Federal Minister of State Maxime Bernier argued that no one in Quebec would be interested in such an initiative. “The priority of Quebeckers is jobs, jobs and jobs. … So I think he should be in line with the priorities of the citizens of Quebec.”

In reawakening the constitutional debate, Mr. Couillard has rattled the cages of both the separatist and federalist camps, drawing attention to an issue that has been taboo for years.

During his nine years in power, former Liberal premier Jean Charest insisted that the “fruit was not ripe” for a new round of talks that would have Quebec sign the Constitution, so the Parti Québécois government was surprised by Mr. Couillard’s sudden change of policy.

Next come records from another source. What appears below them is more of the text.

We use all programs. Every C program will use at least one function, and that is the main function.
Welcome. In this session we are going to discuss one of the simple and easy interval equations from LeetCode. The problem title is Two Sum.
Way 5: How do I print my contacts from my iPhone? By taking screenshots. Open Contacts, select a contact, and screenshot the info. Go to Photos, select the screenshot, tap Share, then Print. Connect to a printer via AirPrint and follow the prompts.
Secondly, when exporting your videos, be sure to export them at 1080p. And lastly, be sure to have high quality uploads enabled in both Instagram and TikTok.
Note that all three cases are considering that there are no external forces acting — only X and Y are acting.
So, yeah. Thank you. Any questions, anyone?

“I’m a bit amazed by his position. He seems to want to settle this in a hurry,” Quebec Premier Pauline Marois said. “What is he trying to prove … Does he mean he will ratify it [the Constitution] without demanding anything?”

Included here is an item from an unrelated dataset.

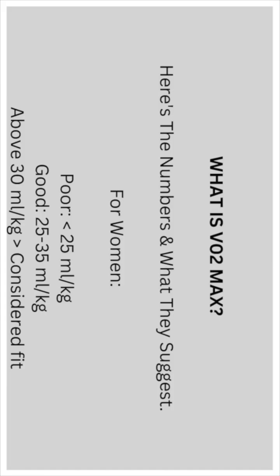Here's the numbers and what they suggest for women. A poor reading would be 25 milliliters of oxygen per kilogram of weight per minute. A good reading would be 25 to 35 milliliters of oxygen per kilogram of weight per minute. Above 30 milliliters per kilogram of weight per minute would be considered fit.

When asked what it would take for her to sign the Constitution, Ms. Marois said it would have to be rewritten “to at least recognize Quebec as one of the two founding nations and its ability to intervene in linguistic matters.” But she suddenly backpedalled to say that her government would never sign the Constitution and would accept nothing less than sovereignty.

The strong criticism of his proposal by both Ottawa and the PQ indicated that Mr. Couillard may have touched on a sensitive nationalist chord that could eventually pay dividends for his party. He believes that by raising the Quebec identity issue he can succeed in bringing back disaffected francophone federalists who supported the Coalition Avenir Québec party in the last election.

“We will have discussions in the party on the identity of Quebec – the distinct and specific character of Quebec … The identity issue concerns Quebeckers,” Mr. Couillard said before heading into his first caucus meeting as leader, where he was greeted with a loud round of cheers and applause.

The CAQ will be carefully monitoring voter reaction to Mr. Couillard’s proposal. Party Leader François Legault lashed out at Mr. Couillard, saying Quebeckers were fed up with the old federalist-sovereigntist divide.

“It’s not a priority,” Mr. Legault said about the proposed constitutional talks, reiterating the need to put the issue on hold for at least another decade. “I am not against Canada. We need to have a nationalist coalition that will defend Quebec but that will focus on other priorities than the Constitution.”